The emperor was thrilled with the idea. The paperwork for Kepler’s salary was begun posthaste.
Tycho had previously provided for the future of his family. Now he had also provided for Kepler’s future. With this bold decision, Tycho placed all his precious observations in Kepler’s hands. Tycho’s secrets would no longer be secrets from Kepler.
ON OCTOBER 13, 1601, only a few days after meeting with the emperor, Tycho accompanied a friend, Councillor Minckwicz, to dinner at the palace of Peter Vok Ursinus Rozmberk just a few steps from the emperor’s gate. Courtesy forbade one to rise from the table for any reason before one’s host had risen, and it was Tycho’s adherence to this simple point of etiquette, “so trivial an offense,”20 as he himself put it, that brought him to his deathbed.
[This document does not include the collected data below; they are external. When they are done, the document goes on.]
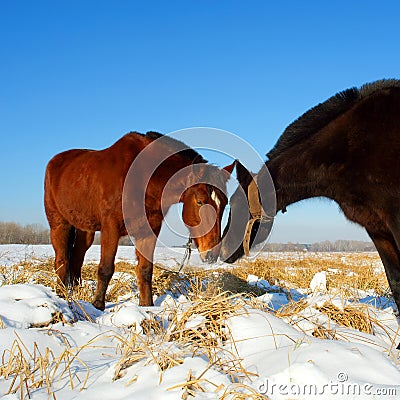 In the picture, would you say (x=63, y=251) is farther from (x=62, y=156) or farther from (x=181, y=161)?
(x=181, y=161)

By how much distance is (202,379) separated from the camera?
208 centimetres

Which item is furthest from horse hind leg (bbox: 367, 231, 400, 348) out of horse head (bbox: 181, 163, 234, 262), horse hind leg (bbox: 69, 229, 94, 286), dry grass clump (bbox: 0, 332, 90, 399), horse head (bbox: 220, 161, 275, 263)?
horse hind leg (bbox: 69, 229, 94, 286)

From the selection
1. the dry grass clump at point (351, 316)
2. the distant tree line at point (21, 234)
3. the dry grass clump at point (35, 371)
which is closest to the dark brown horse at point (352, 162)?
the dry grass clump at point (351, 316)

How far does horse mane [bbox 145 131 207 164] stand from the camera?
582 cm

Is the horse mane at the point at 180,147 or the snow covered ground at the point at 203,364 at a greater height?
the horse mane at the point at 180,147

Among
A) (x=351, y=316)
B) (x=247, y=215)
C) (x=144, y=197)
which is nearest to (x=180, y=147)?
(x=144, y=197)

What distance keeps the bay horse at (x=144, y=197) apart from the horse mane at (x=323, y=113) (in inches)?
52.3

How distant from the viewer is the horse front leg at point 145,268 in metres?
5.73

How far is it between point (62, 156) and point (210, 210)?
12.3ft

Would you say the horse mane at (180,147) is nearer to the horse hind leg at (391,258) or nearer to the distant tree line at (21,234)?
the horse hind leg at (391,258)

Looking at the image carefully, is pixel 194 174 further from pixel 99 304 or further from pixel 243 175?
pixel 99 304

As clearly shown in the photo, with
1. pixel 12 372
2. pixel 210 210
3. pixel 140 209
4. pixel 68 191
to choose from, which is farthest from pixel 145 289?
pixel 12 372

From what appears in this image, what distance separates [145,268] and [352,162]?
3.24 metres

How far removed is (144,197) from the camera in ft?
18.5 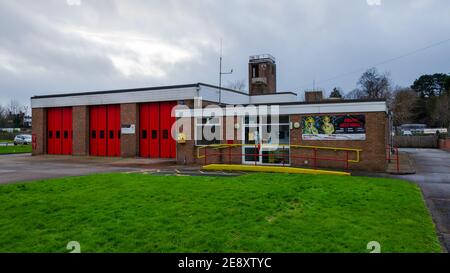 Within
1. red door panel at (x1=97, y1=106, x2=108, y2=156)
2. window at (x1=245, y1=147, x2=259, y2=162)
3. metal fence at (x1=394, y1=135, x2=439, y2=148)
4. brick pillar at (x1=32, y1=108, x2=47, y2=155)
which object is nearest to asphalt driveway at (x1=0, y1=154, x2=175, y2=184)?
window at (x1=245, y1=147, x2=259, y2=162)

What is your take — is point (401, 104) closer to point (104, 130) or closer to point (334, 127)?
point (334, 127)

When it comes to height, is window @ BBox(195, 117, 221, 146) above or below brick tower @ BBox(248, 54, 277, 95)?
below

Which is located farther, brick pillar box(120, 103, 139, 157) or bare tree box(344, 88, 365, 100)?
bare tree box(344, 88, 365, 100)

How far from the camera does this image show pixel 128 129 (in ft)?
86.8

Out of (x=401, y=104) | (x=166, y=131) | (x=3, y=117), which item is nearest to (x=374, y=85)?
(x=401, y=104)

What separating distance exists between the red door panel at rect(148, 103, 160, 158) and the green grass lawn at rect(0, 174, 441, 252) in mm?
14663

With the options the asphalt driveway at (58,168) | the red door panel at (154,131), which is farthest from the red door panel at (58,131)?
the red door panel at (154,131)

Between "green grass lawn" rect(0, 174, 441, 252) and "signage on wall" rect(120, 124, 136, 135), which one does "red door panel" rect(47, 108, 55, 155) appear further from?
"green grass lawn" rect(0, 174, 441, 252)

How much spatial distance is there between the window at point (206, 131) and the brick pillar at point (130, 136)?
6.82 meters

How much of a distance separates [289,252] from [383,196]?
17.2 ft

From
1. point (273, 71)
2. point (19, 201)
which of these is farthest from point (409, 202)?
point (273, 71)

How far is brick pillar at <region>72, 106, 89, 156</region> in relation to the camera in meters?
28.4

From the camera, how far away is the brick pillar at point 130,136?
2610 cm

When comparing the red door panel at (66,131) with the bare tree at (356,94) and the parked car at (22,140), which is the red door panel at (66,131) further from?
the bare tree at (356,94)
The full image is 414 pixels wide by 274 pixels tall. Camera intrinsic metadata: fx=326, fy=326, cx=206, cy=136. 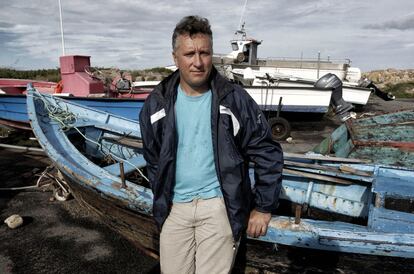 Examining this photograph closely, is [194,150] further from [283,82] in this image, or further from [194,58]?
[283,82]

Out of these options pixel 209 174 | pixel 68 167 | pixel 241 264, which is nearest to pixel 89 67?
pixel 68 167

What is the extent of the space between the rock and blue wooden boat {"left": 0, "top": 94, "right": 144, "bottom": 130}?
430 cm

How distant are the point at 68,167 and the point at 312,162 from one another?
2.89m

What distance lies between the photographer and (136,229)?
3.50m

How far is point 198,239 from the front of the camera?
2037mm

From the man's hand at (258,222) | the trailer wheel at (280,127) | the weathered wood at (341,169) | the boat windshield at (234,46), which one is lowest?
the trailer wheel at (280,127)

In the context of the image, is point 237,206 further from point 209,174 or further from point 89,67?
point 89,67

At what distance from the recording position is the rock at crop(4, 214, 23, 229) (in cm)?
433

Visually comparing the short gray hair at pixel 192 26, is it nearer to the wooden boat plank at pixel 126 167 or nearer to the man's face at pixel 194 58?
the man's face at pixel 194 58

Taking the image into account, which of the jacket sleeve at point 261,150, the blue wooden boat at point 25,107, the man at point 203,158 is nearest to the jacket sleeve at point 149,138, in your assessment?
the man at point 203,158

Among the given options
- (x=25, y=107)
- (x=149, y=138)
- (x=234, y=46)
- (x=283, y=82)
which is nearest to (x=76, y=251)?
(x=149, y=138)

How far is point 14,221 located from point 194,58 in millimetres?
3894

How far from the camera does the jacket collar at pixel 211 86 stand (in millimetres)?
1846

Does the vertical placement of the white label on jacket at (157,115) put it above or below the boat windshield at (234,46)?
below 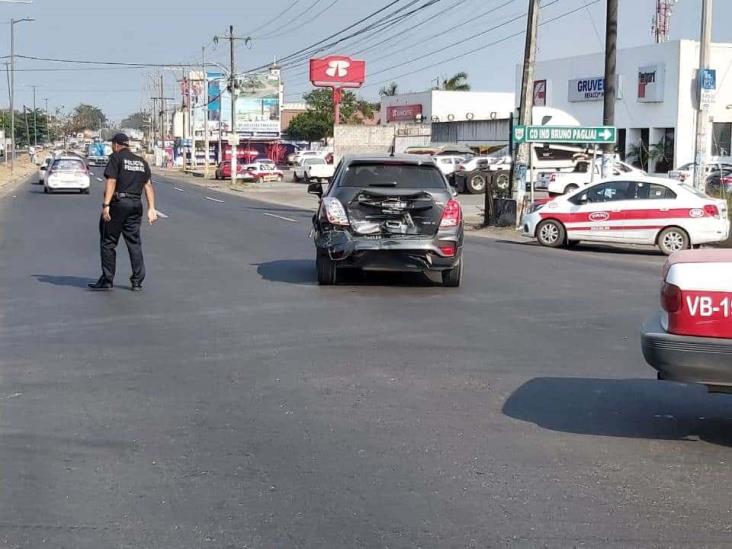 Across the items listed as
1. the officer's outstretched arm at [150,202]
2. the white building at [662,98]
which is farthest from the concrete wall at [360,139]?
the officer's outstretched arm at [150,202]

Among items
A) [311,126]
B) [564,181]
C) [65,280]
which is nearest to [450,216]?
[65,280]

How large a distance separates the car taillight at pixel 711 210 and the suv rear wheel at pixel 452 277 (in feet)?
26.6

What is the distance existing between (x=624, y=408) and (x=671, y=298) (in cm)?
154

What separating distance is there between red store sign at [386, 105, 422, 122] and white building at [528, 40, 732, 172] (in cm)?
2890

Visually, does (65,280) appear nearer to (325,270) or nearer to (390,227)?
(325,270)

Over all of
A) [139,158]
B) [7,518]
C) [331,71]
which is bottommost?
[7,518]

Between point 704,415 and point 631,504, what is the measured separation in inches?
82.8

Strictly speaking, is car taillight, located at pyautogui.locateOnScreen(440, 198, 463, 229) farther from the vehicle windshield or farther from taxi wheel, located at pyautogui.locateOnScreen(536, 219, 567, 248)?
the vehicle windshield

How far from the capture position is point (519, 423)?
7.06m

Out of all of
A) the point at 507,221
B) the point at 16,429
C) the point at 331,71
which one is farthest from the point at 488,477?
the point at 331,71

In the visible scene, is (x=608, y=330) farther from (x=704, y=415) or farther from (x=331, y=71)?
(x=331, y=71)

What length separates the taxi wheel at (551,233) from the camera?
21.7 m

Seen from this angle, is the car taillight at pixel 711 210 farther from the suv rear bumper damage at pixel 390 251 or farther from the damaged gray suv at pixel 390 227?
the suv rear bumper damage at pixel 390 251

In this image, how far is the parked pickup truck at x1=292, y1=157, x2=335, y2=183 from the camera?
5763 centimetres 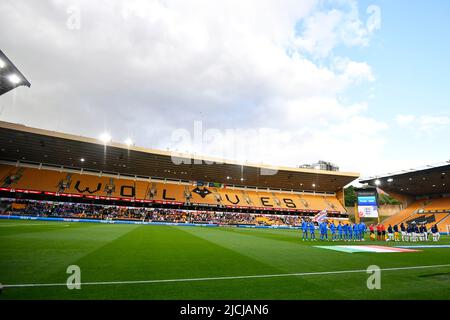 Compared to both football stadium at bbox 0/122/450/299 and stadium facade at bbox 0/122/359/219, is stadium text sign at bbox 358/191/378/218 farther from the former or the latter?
stadium facade at bbox 0/122/359/219

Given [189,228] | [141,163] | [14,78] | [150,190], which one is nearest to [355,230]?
[189,228]

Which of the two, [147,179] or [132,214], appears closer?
[132,214]

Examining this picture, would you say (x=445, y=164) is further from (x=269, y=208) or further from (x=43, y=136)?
(x=43, y=136)

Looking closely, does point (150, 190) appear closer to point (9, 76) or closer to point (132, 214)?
point (132, 214)

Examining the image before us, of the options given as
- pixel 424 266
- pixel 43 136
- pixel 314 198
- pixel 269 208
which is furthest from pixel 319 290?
pixel 314 198

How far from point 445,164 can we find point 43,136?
55.7m

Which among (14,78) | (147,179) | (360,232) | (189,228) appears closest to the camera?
(14,78)

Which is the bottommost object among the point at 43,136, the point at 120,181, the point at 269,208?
the point at 269,208

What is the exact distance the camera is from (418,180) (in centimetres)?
4275

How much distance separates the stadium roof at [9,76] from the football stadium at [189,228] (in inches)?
390

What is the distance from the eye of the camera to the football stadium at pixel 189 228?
5.46 meters

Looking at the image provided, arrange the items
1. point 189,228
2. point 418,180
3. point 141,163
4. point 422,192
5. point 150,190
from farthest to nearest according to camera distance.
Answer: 1. point 422,192
2. point 150,190
3. point 141,163
4. point 418,180
5. point 189,228

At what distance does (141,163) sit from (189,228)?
18.9 meters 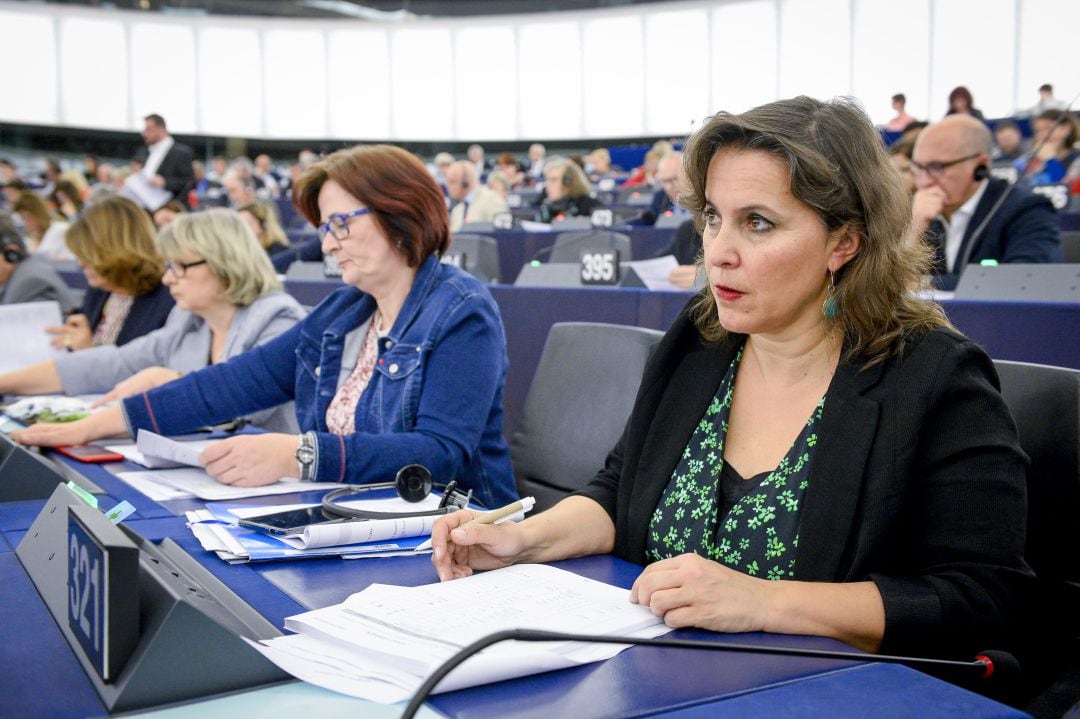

All the barriers that had kept Tycho and Kepler at a distance had now disappeared, and it is Kepler’s description that provides more intimate details about the days that followed than are available about any other episode of Tycho’s life. Kepler wrote,
Holding his urine21 longer than was his habit, Brahe remained seated. Although he drank a little overgenerously and experienced pressure on his bladder, he felt less concern for the state of his health than for etiquette. By the time he returned home, he could not urinate any more. [Kepler here noted down the positions of the Moon, Saturn, and Mars on the night of the banquet.]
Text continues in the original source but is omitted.